A dúvida do meu colega tem fundamento. As estatísticas
poderiam confirmar, mas é muito provável que muitos dos fãs do padre Paulo não
torcessem para o Alvinegro. Eram fãs do Cruzeiro e, outros, do América. A ética
profissional -- ou clerical, como queiram -- foi para onde, nesse caso? Esse
“sutil” desrespeito à diferença, às margens do mundo
atleticano, teria alguma importância? Seria outra pitada de humor,
como a da presidente no Vaticano? Seria apenas uma pequena e inefável loucura
de um padre fanático? Ou seria um exemplo da enorme tolerância de quem não foi
incluído na reza -- aliás, daqueles contra quem se fez a reza oficial?
Pois, assim, a paixão individual do padre de Piedade
do Paraopeba não se separou do seu poder eclesiástico. Ela se incorporou no
rito institucional que ele administrava, com fé e formalidade, e se fez valer,
a revelia da anti-paixão de cruzeirenses e americanos. De modo semelhante, a
presidente do Brasil fez galhofa da superioridade do povo brasileiro sobre o
argentino. Afinal de contas, em termos de poder, a figura do papa está bem
abaixo daquela de um Deus, mesmo que brasileiro. Principalmente quando um papa
já disse que pecou muitas vezes e que os ateus também podem ascender aos céus.

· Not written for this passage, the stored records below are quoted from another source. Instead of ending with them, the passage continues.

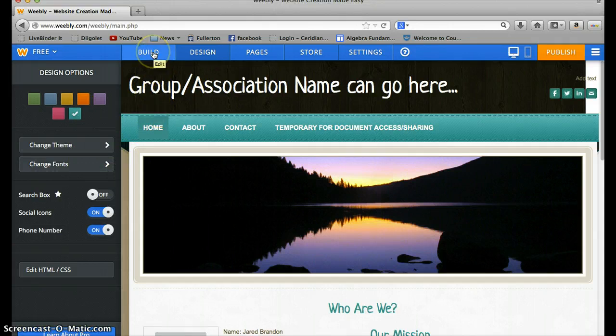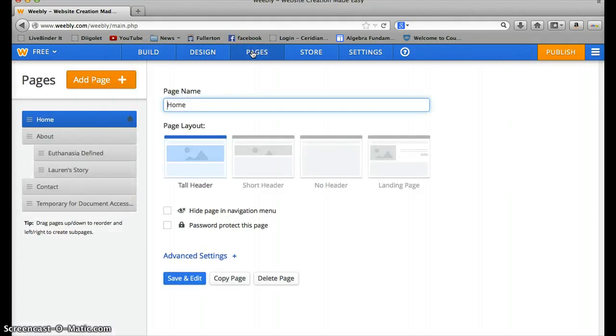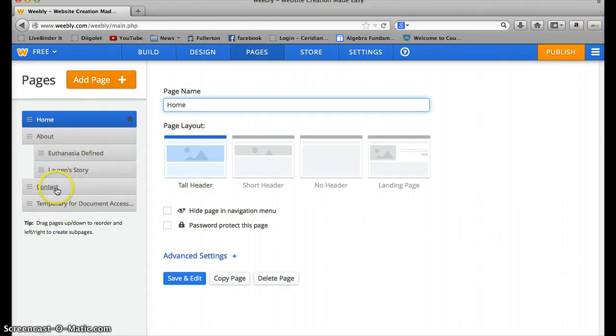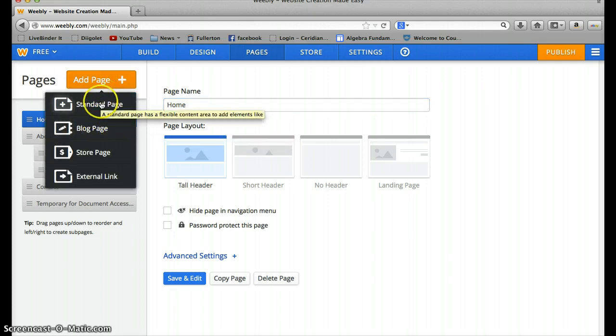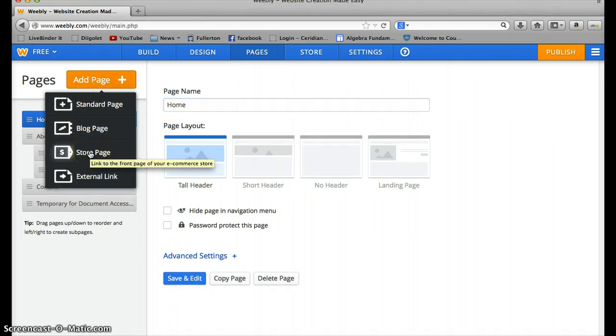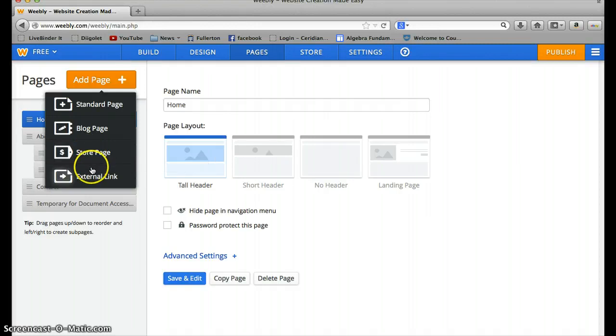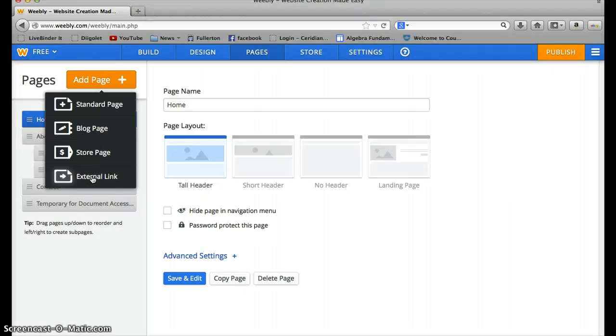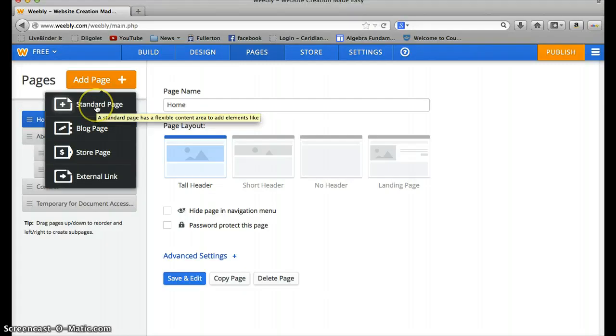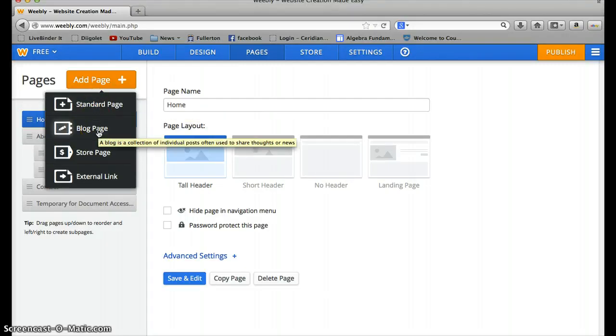Now for how to build the pages. So to add a page, you go to Pages. This is what it looks like so far. Let's say I want to add a page, a new page. You just go add page. You can do a blog page or a standard page. We don't need store page because we're not collecting money from people. And I don't know what external link is. I don't think we need that because links that we might be using are probably to YouTube, and you can add them within the page itself.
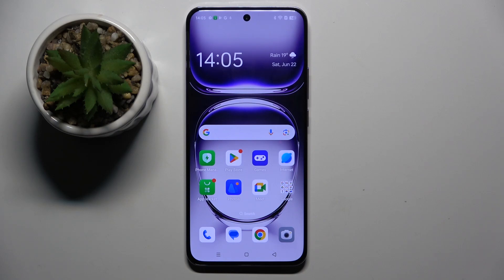Welcome guys to the Tutorial Info Channel. In front of me is the Oppo Reno 12 Pro, and in this video I'm going to show you how to edit photos in the stock gallery app on this device.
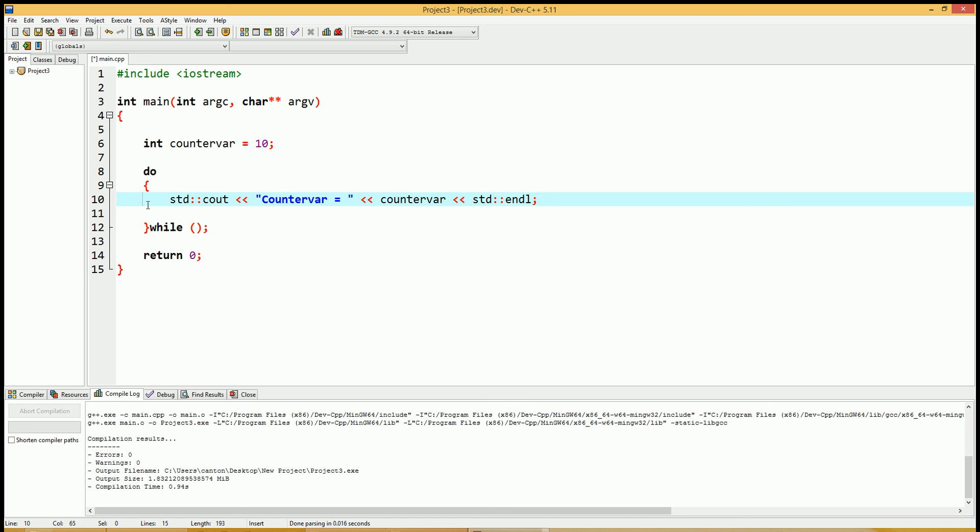Now we still have no conditional statement, so this will be an infinite loop at this point. But let's say we don't want to do the loop more than when counter variable is set to 0 or less. So while counter variable is greater than 0, do this loop. If it's less than 0, it's going to exit the loop.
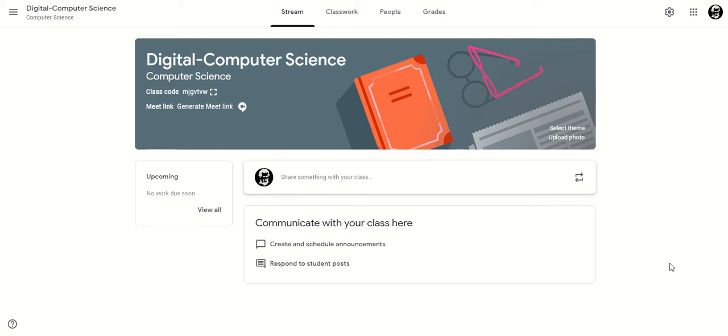Hi everybody, I just wanted to give you an introduction to what your digital classroom might look like. This is my example of my Key Stage 4 digital computer science classroom.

Como vimos, para o deleite de muitos mineiros, tal
Deus também é atleticano de carteirinha. Será que foi com ajuda divina que o
goleiro atleticano Vítor Leandro Bagy defendeu um pênalti decisivo, nos últimos
segundos de um jogo tão importante como o da Copa Libertores da América na
quarta-feira passada? Apenas na manhã seguinte o heroi recebeu mais de 20
solicitações de entrevistas. “O Atlético não
poderia ter saído da competição daquela forma. Foi também uma justiça de Deus
pelo trabalho que estamos fazendo, por nossa postura”, disse o jogador ao
jornal Estado de Minas.
Confirmando a tendência do brasileiro a mesclar o
divino com o prosaico -- mundos da mesma moeda que, segundo DaMatta, “se
relacionam de modo complexo e simultâneo” -- o goleiro ainda declarou ao mesmo
jornal que após o jogo, ao chegar ao condomínio
em que mora, viu uma faixa bem simples, no portão, que o tocou forte no
coração: “Muito obrigado, São Victor”. Amém!